--- START ---

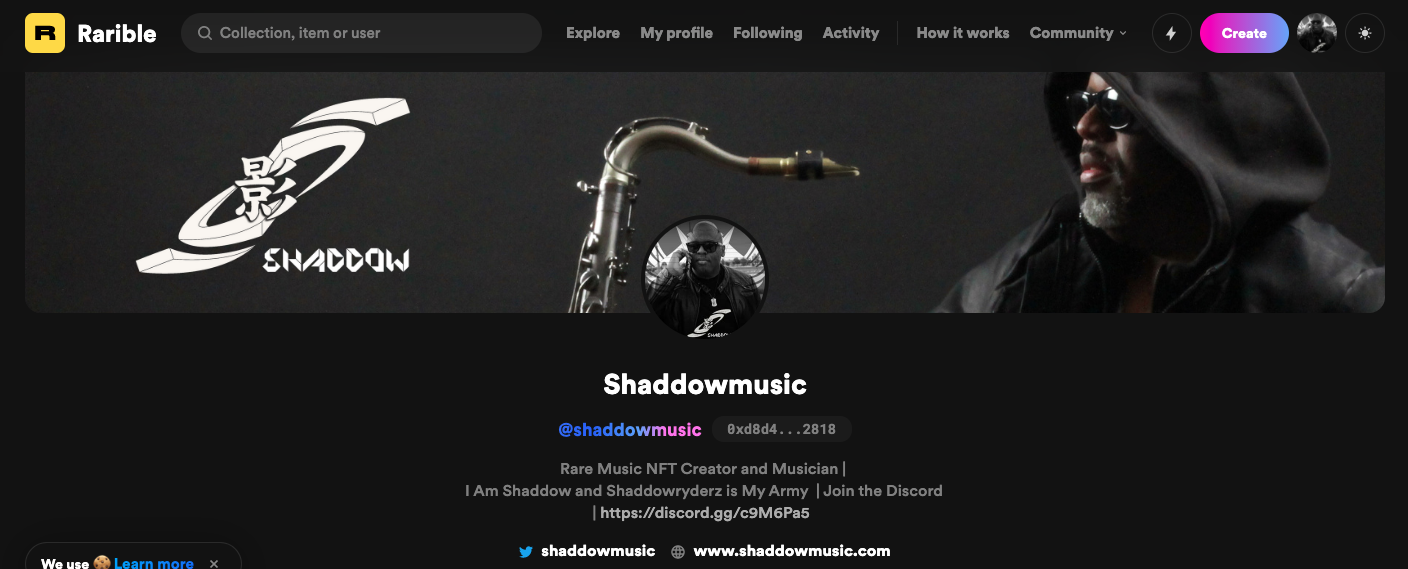 SHADDOW joins list of Up and Coming saxophone musicians who are selling NFTs
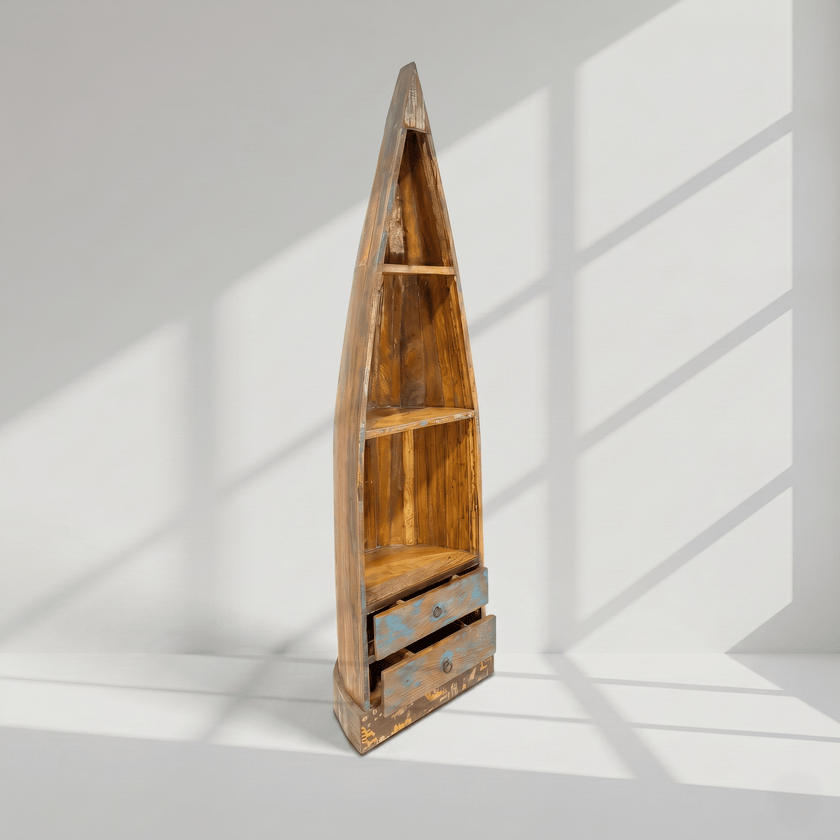 Handcrafted Boat Shape Wooden Bookshelf,Rustic Nautical Boat Bookcase for apartment UAE,Solid Wood Canoe Display Shelf,Vintage Boat Style Storage Cabinet,Decorative Coastal Wooden Bookcase,Luxury Nautical Display Unit,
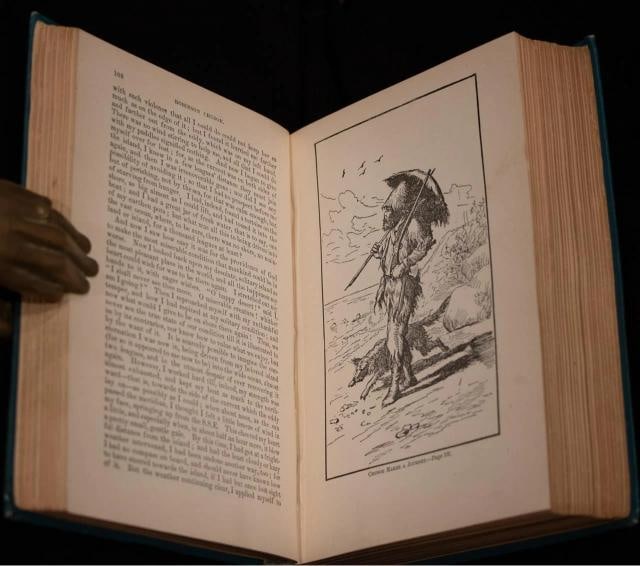 1880 Robinson Crusoe by Daniel Defoe Fine Binding Illustrated Color Plates Rare - 14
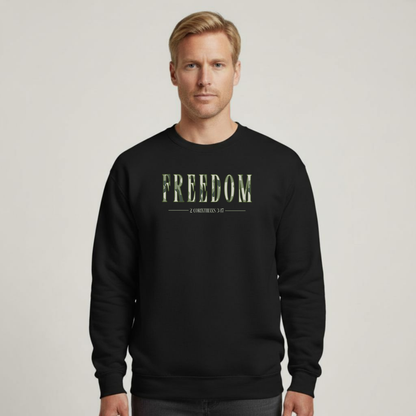 Freedom in Christ Sweatshirt • 2 Corinthians 3:17 Bible Verse Crewneck • Men Women Camo | Christian Faith Apparel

--- END ---

Exercise goal » Using the data above, give again exactly the lines starting at the one holding "Handcrafted Boat Shape" and ending at the one holding "1880 Robinson Crusoe", inclusive, and nothing more. Omit the pictures.

Completed exercise »
 Handcrafted Boat Shape Wooden Bookshelf,Rustic Nautical Boat Bookcase for apartment UAE,Solid Wood Canoe Display Shelf,Vintage Boat Style Storage Cabinet,Decorative Coastal Wooden Bookcase,Luxury Nautical Display Unit,
 1880 Robinson Crusoe by Daniel Defoe Fine Binding Illustrated Color Plates Rare - 14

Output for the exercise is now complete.